*** Begin section ***
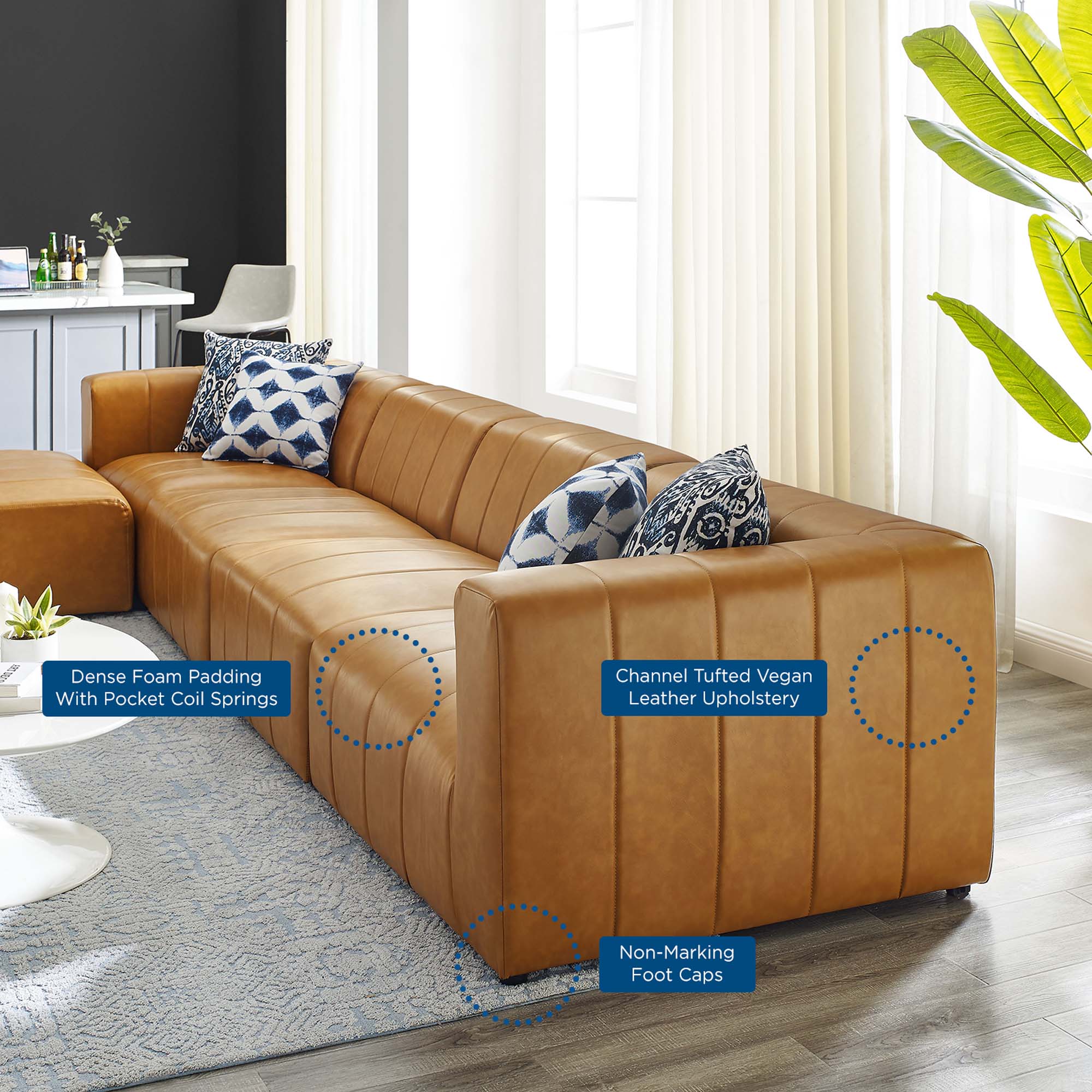 Bartlett Vegan Leather 5-Piece Sectional Sofa - Image 14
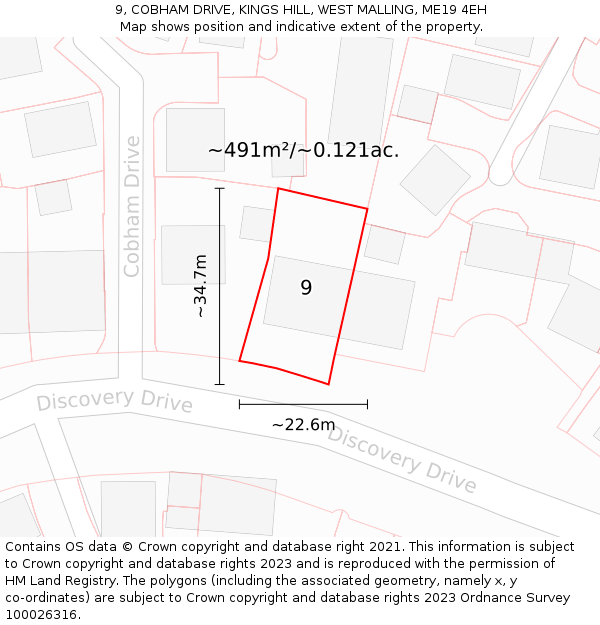 9, COBHAM DRIVE, KINGS HILL, WEST MALLING, ME19 4EH: Plot and title map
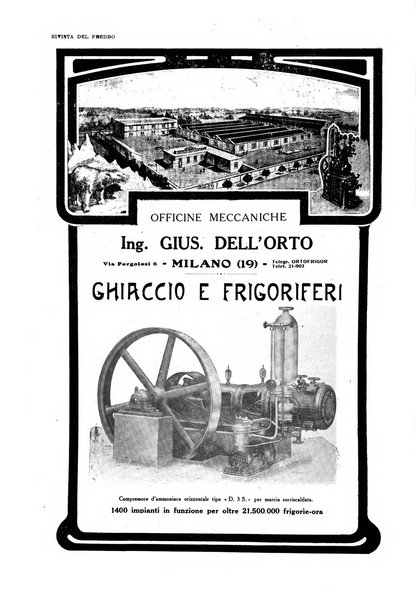 Rivista del freddo periodico mensile illustrato tecnico, scientifico, economico, commerciale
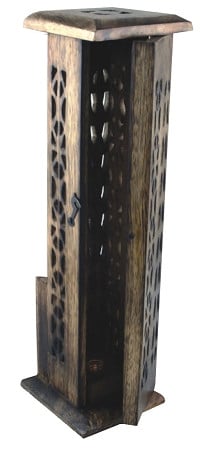 Wooden Incense Tower (Incense Holder) 12inch with incense storage-door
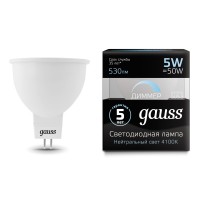 Лампа светодиодная Gauss MR16 GU5.3 5W 4100K диммируемая 101505205-D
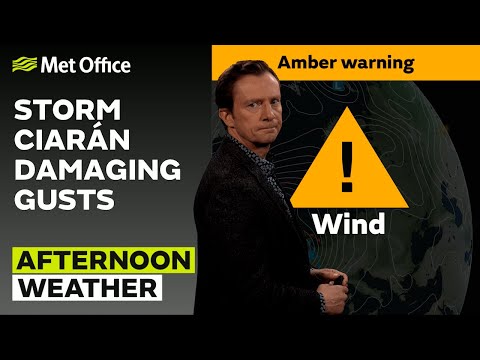 31/10/23 – Heavy rain and strong winds  – Afternoon Weather Forecast UK – Met Office Weather
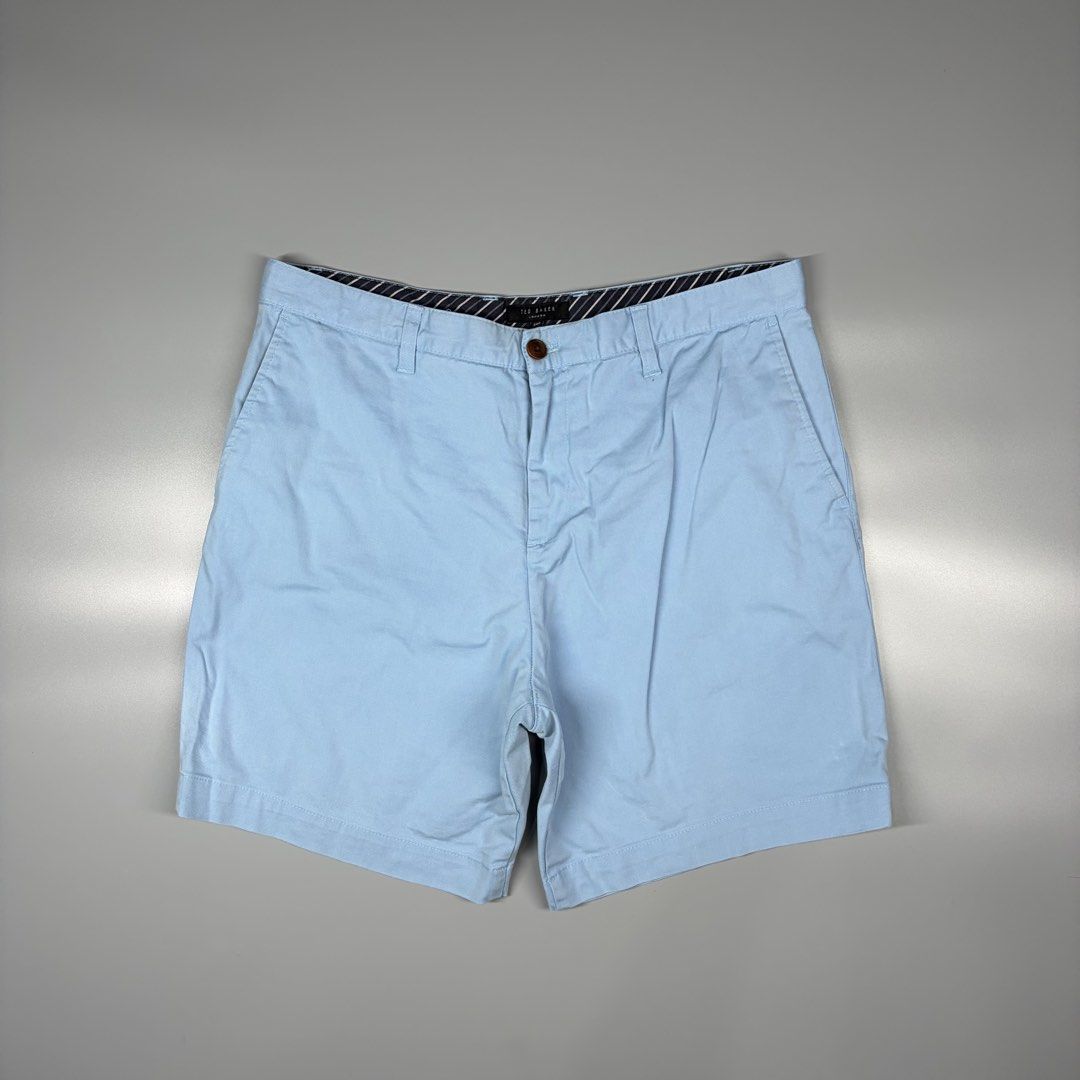 Ted Baker (Category: Shorts) located in Cavite. Submitted by onebeancent (Listing ID 1469719011, Image 1). Description: Size: 34 Waistline Dimension: 17" Length (Above the knee) Color: Sky bluee Color Rate: 10/10 Issue: 1 Hole see last pic for ref. Condition: Excellent overall Price: 380php Additional Shipping Fee (J&T Small Pouch) 75php Luzon 100php visayas 120php mindanao.
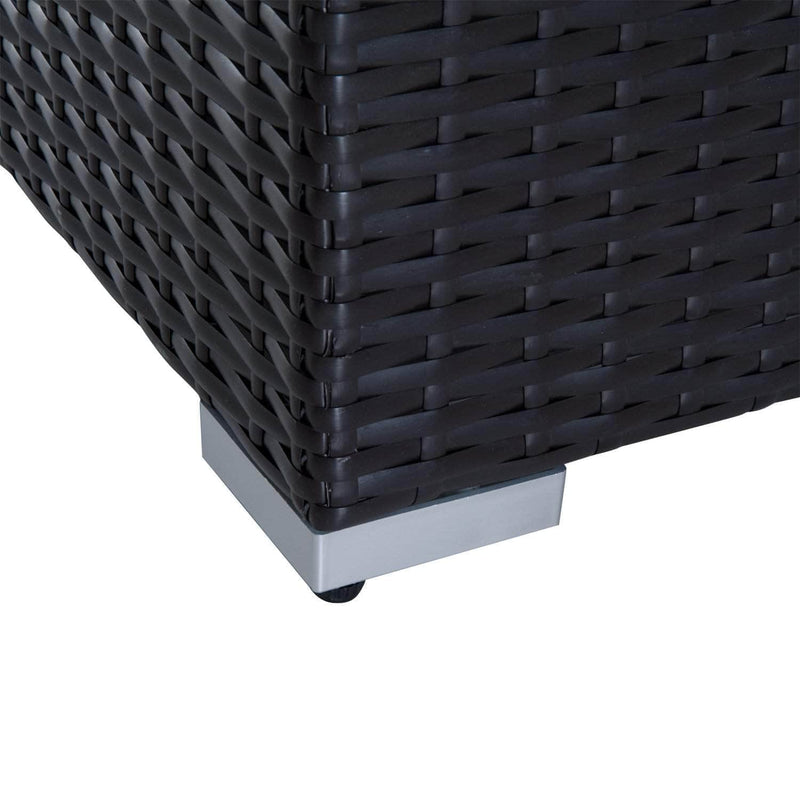 Aosom Sectional 7 Piece Outdoor Patio Rattan Wicker Modular U-Shaped Sectional Sofa Set with Coffee Table in Beige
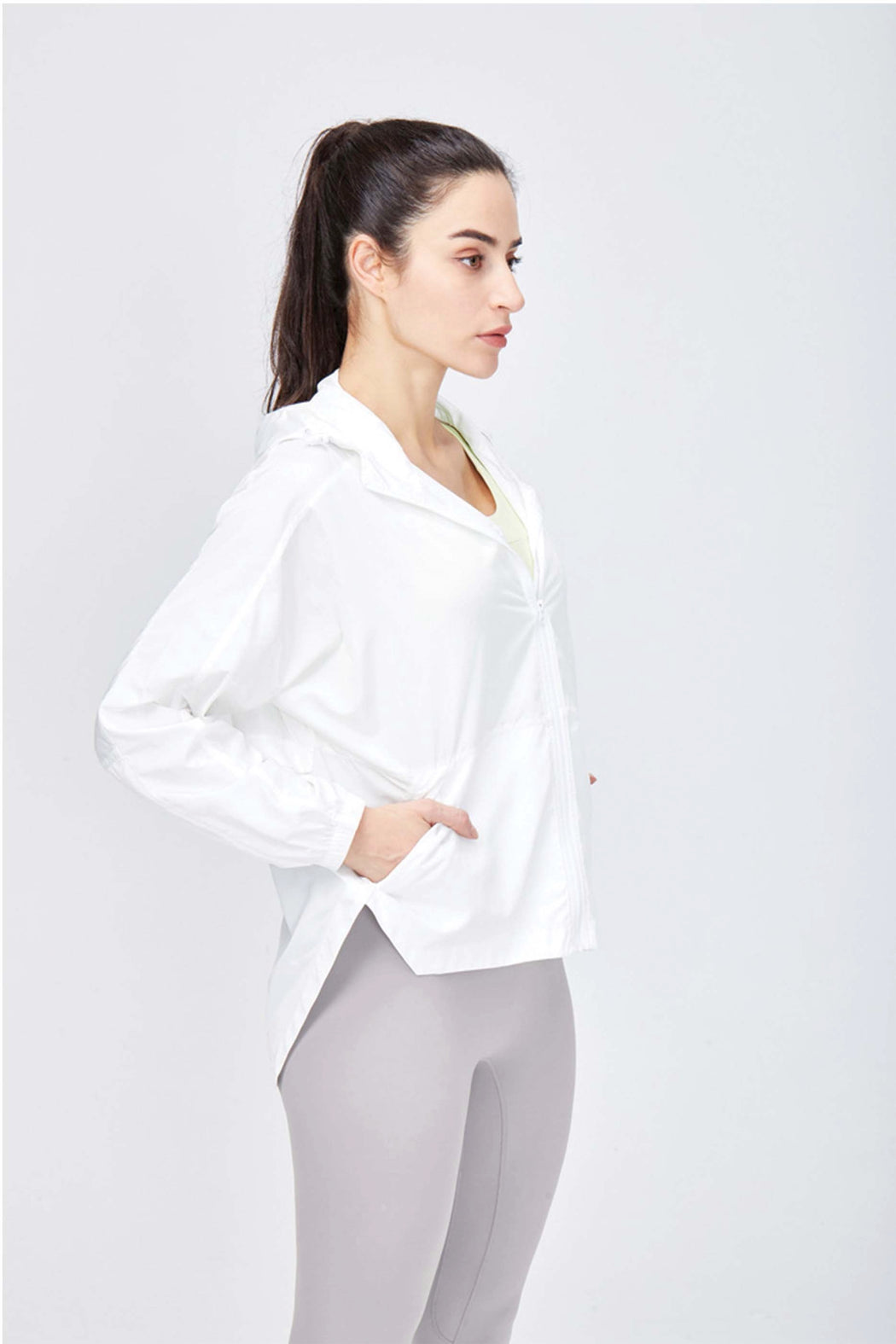 Sports Hooded Full Zip Top UV Protection Jackets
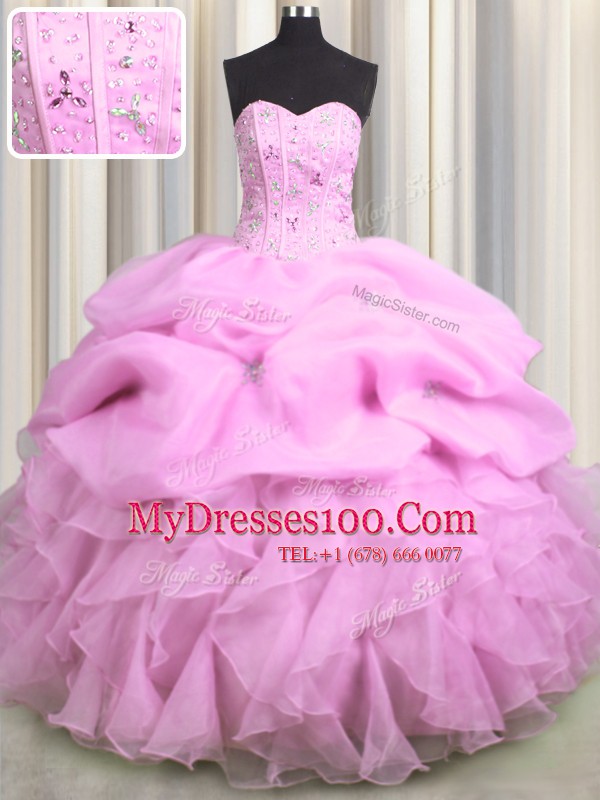 Visible Boning Sweetheart Sleeveless Organza Quinceanera Dresses Beading and Ruffles and Pick Ups Lace Up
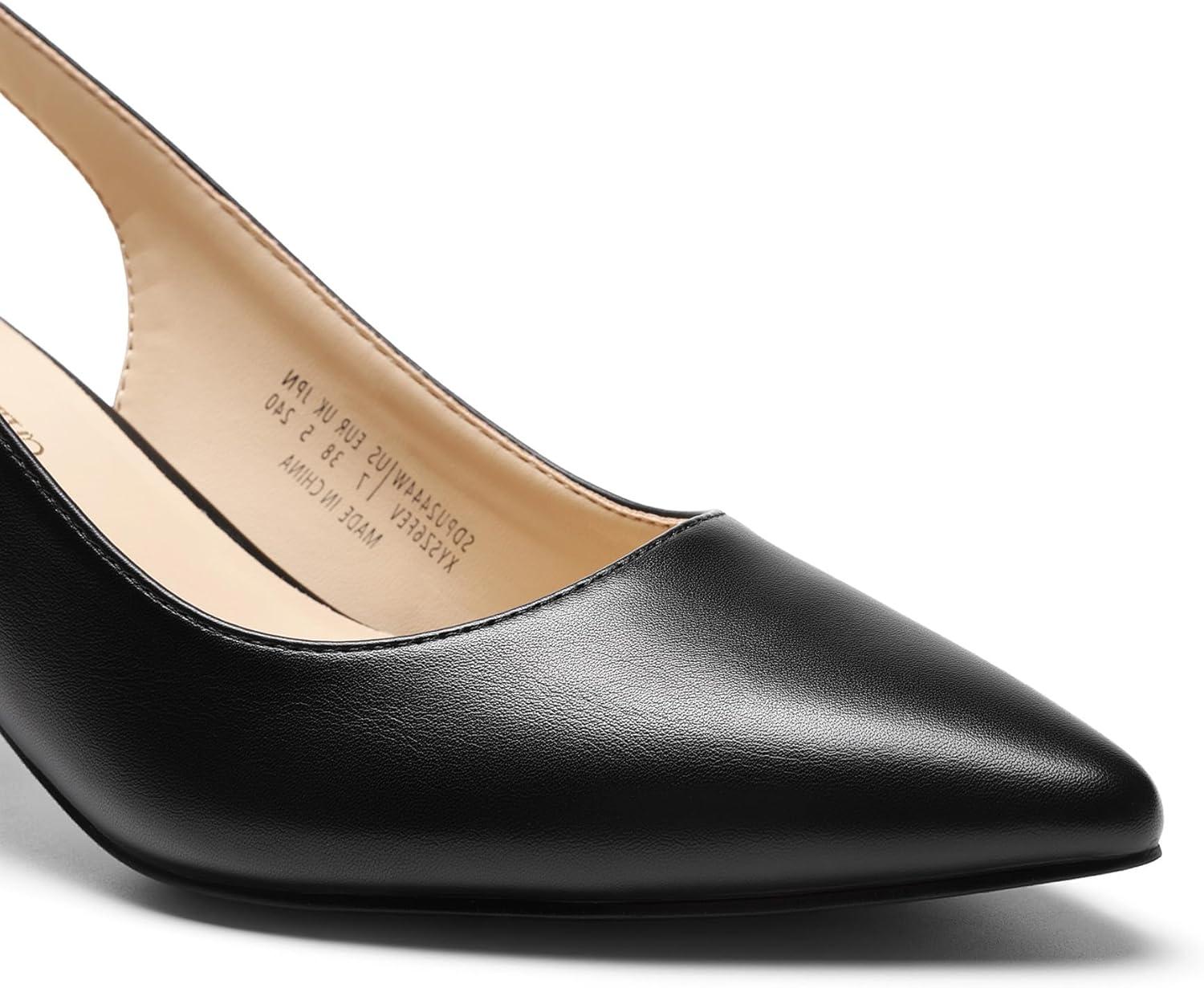 image:imageDREAM PAIRS Womens Kitten Heels Slingback Closed Pointed Toe Low Pumps Shoes Women Party Wedding Sexy Casual Dress ShoesBlack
*** End section ***
**PROBLEM TO SOLVE:** Transcribe the preceding listing in its entirety and with exact wording, leaving out pictures.

**RESPONSE BOX:**
 Bartlett Vegan Leather 5-Piece Sectional Sofa - Image 14
 9, COBHAM DRIVE, KINGS HILL, WEST MALLING, ME19 4EH: Plot and title map
 Rivista del freddo periodico mensile illustrato tecnico, scientifico, economico, commerciale
 Wooden Incense Tower (Incense Holder) 12inch with incense storage-door
 Лампа светодиодная Gauss MR16 GU5.3 5W 4100K диммируемая 101505205-D
 31/10/23 – Heavy rain and strong winds  – Afternoon Weather Forecast UK – Met Office Weather
 Ted Baker (Category: Shorts) located in Cavite. Submitted by onebeancent (Listing ID 1469719011, Image 1). Description: Size: 34 Waistline Dimension: 17" Length (Above the knee) Color: Sky bluee Color Rate: 10/10 Issue: 1 Hole see last pic for ref. Condition: Excellent overall Price: 380php Additional Shipping Fee (J&T Small Pouch) 75php Luzon 100php visayas 120php mindanao.
 Aosom Sectional 7 Piece Outdoor Patio Rattan Wicker Modular U-Shaped Sectional Sofa Set with Coffee Table in Beige
 Sports Hooded Full Zip Top UV Protection Jackets
 Visible Boning Sweetheart Sleeveless Organza Quinceanera Dresses Beading and Ruffles and Pick Ups Lace Up
 image:imageDREAM PAIRS Womens Kitten Heels Slingback Closed Pointed Toe Low Pumps Shoes Women Party Wedding Sexy Casual Dress ShoesBlack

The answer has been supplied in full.